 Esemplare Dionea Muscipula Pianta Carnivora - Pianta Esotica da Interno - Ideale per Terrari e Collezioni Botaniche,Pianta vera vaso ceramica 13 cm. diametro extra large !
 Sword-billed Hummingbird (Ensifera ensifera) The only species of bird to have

==

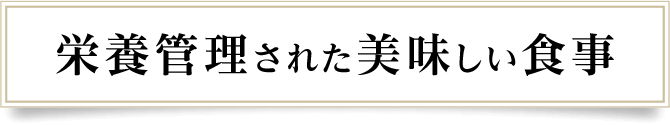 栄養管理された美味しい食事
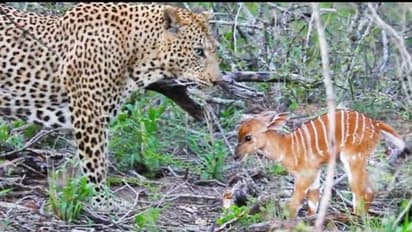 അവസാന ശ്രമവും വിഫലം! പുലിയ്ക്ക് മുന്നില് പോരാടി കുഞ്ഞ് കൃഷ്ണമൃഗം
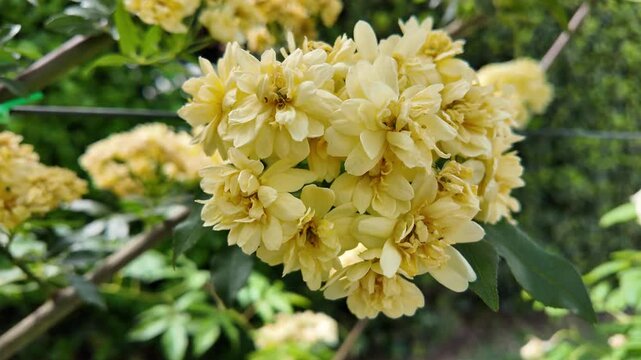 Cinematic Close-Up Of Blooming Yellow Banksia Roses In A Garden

---

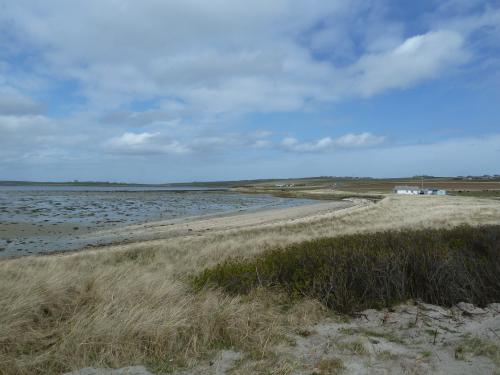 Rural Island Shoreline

**WORK TO COMPLETE:** Using the material above, transcribe exactly the lines from the line with "Esemplare Dionea Muscipula" to the line with "Sword-billed Hummingbird (Ensifera"; both count, and nothing else goes in.

**WRITTEN SOLUTION:**
 Esemplare Dionea Muscipula Pianta Carnivora - Pianta Esotica da Interno - Ideale per Terrari e Collezioni Botaniche,Pianta vera vaso ceramica 13 cm. diametro extra large !
 Sword-billed Hummingbird (Ensifera ensifera) The only species of bird to have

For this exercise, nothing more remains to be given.